Rear Seats: The additional two inches of rear legroom thanks to the longer wheelbase is a welcomed change.
NVH (noise/vibration/harshness): Though there's still some noise at highway speeds, the wind that made the front end loud and rattly is mitigated by the functional front fender vents that help air circulation by reducing turbulence.
Visibility: With the hard top on, the pillars are thick in the back, and the rearward view is also compromised by the rear-mounted spare tire.
Climate: The climate system works well, and the heated seats are excellent.
The Wrangler and Wrangler Unlimited have not been tested for the 2018-2019 model years quite yet. The previous generation didn't score especially well, but the new Wrangler gets safety updates, which count for something.
IIHS Rating: Not tested.
NHTSA Rating: Not tested.
Standard Tech: ParkView rear backup camera is now standard on the Wrangler Unlimited.
Optional Tech: Our tester came with the Jeep Active Safety Group which packages the ParkSense Rear Park Assist System and Blind Spot and Cross Path Detection.
Though there's not a ton of overall space in the Jeep Wrangler Unlimited, but there are some smart storage options in the cabin that render the interior quite useful. The three roof choices (freedom hardtop, soft top, and body colored hardtop) are all excellent and easier to operate). The freedom top is a targa of sorts, allowing you to remove two front panels individually.
Storage Space: Door pockets and storage options are good, but the rubberized bin at the top of the dash wins for best storage feature. It's moderately deep and very long, so it can keep small items in place without them sliding around when you take a turn.
Cargo Room: There's 31.7 cubic feet behind the second row and 72.4 cubic feet with the second row folded flat. It's smaller inside than the Toyota 4Runner, its closest competition.

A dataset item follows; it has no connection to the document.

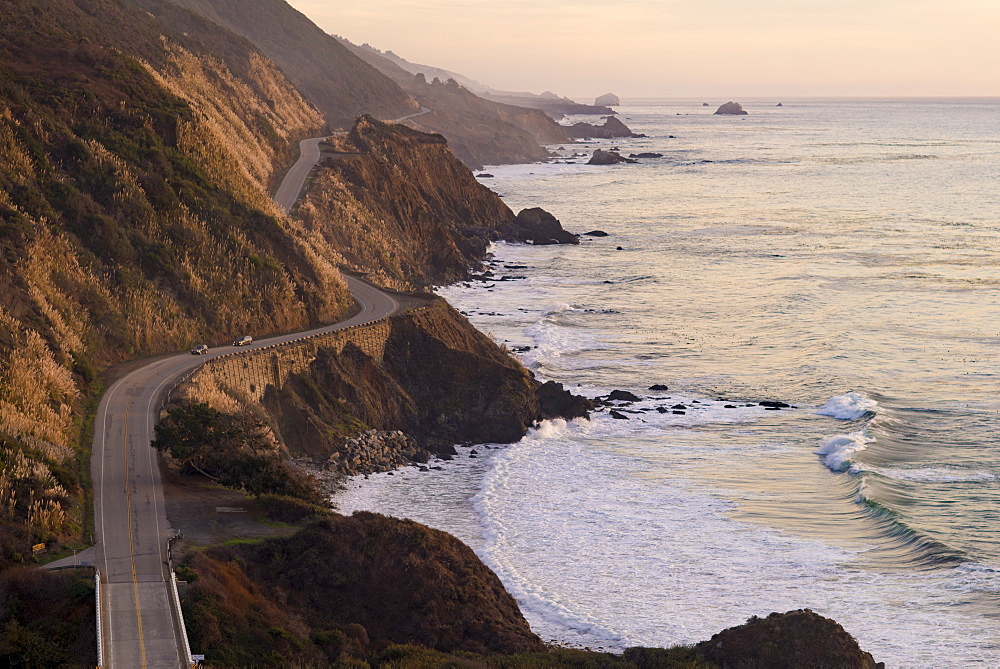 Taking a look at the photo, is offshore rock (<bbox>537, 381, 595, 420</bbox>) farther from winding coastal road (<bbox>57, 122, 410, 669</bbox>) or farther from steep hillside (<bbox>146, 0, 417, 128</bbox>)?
steep hillside (<bbox>146, 0, 417, 128</bbox>)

The Wrangler Unlimited's weight savings (about 200 lbs overall) helps in this department, but the Jeep is by no means efficient. We pretty much got what we expected. If you want better mileage, you'll have to compromise on the Jeep's off-road abilities.
Observed: 18.9 mpg
Distance Driven: 137 miles
Driving Factors: We drove on pavement the entire time with an even split between highway driving and local roads.
The upgraded audio system came with the Infotainment System Group for $1,295 is pretty good. It won't blow your socks off, but it works very well for the big off-roader. Bass and clarity are pretty good, and there's no distortion that we could notice.